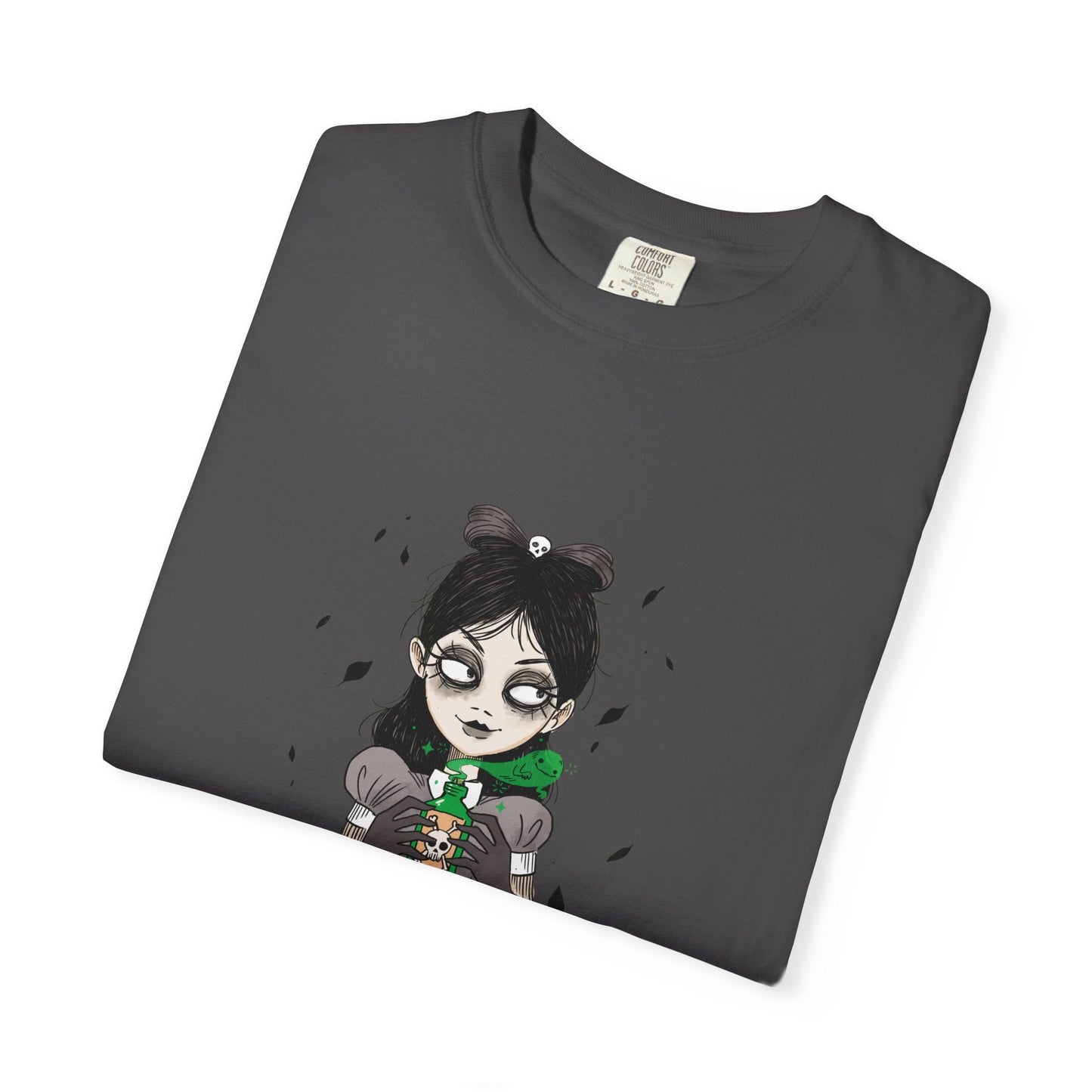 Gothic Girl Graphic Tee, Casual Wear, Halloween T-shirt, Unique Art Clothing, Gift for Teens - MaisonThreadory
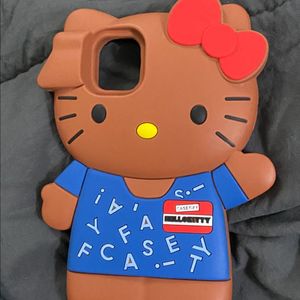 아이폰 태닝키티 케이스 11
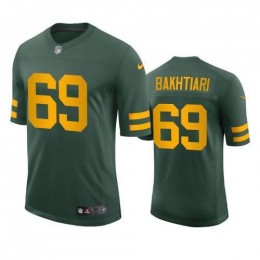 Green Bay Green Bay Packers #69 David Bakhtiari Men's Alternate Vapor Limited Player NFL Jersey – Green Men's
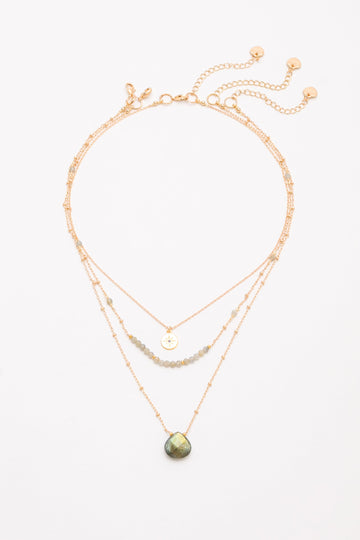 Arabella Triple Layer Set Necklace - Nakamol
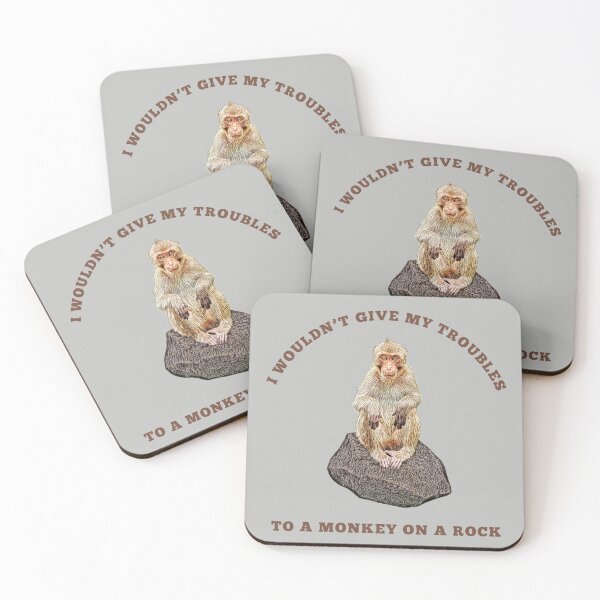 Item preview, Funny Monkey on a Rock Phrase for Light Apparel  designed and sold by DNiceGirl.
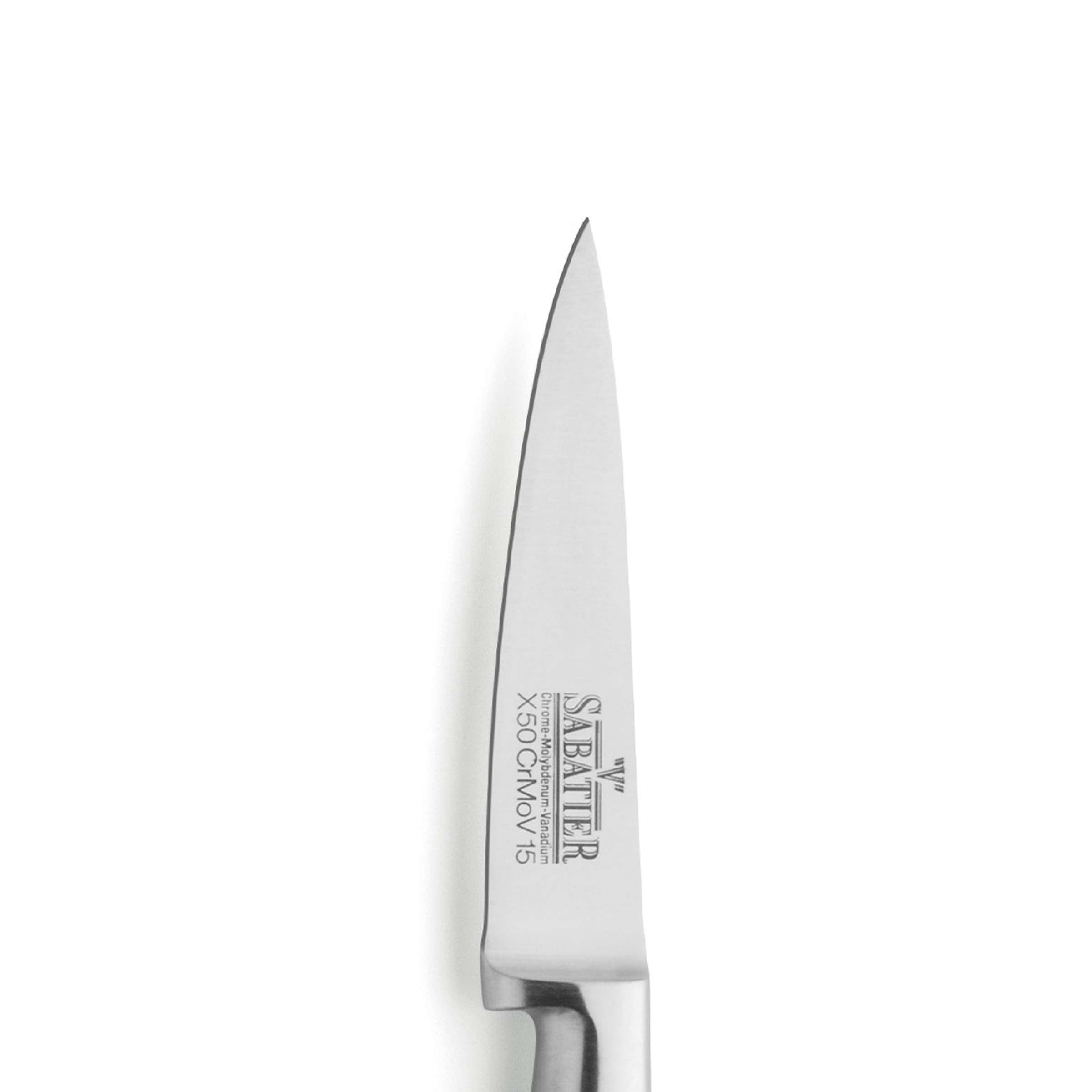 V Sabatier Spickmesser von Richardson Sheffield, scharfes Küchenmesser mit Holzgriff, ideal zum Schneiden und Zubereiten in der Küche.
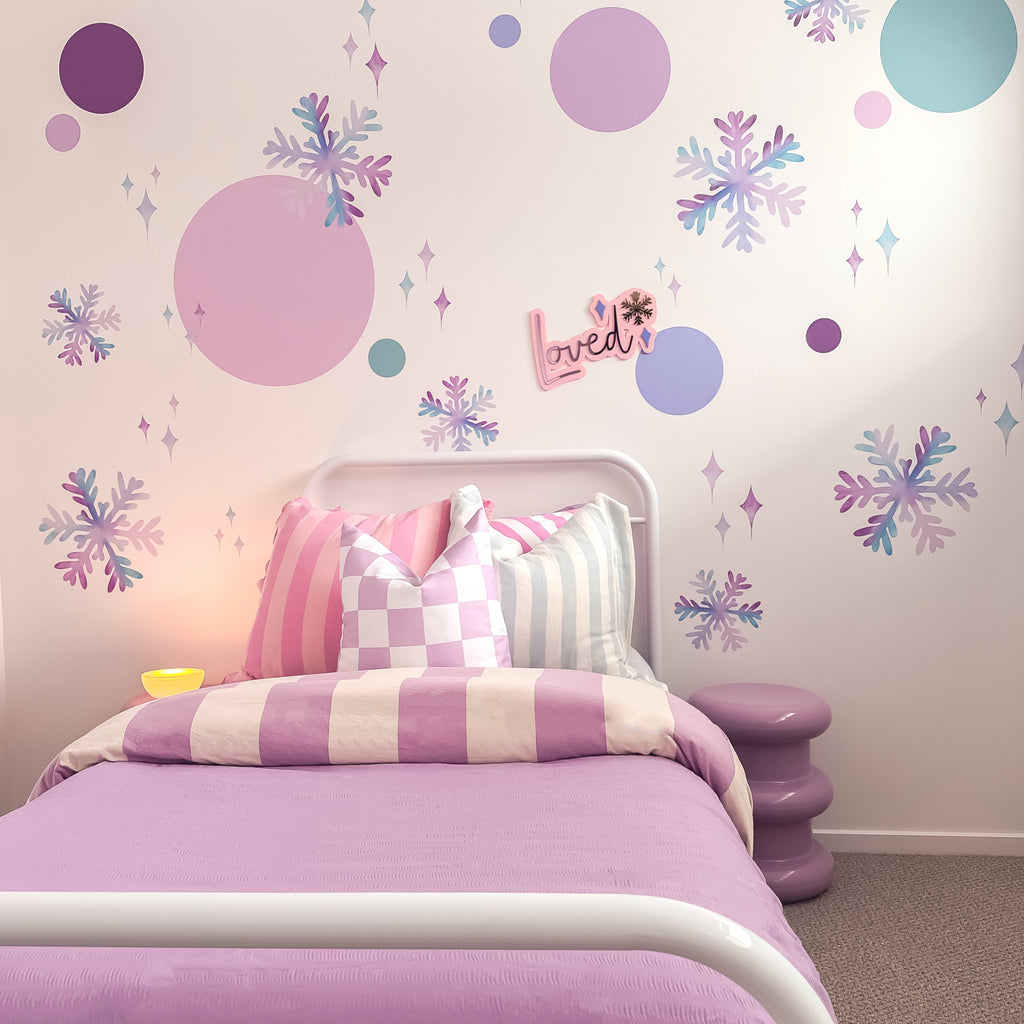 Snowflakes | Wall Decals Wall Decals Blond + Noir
━━━
▸ **Exercise directions**
Extract, without any images, the part of the material above that opens with the line containing "Item preview, Funny" and closes with the line containing "V Sabatier Spickmesser", both lines included.

▸ **Answer area**
 Item preview, Funny Monkey on a Rock Phrase for Light Apparel  designed and sold by DNiceGirl.
 V Sabatier Spickmesser von Richardson Sheffield, scharfes Küchenmesser mit Holzgriff, ideal zum Schneiden und Zubereiten in der Küche.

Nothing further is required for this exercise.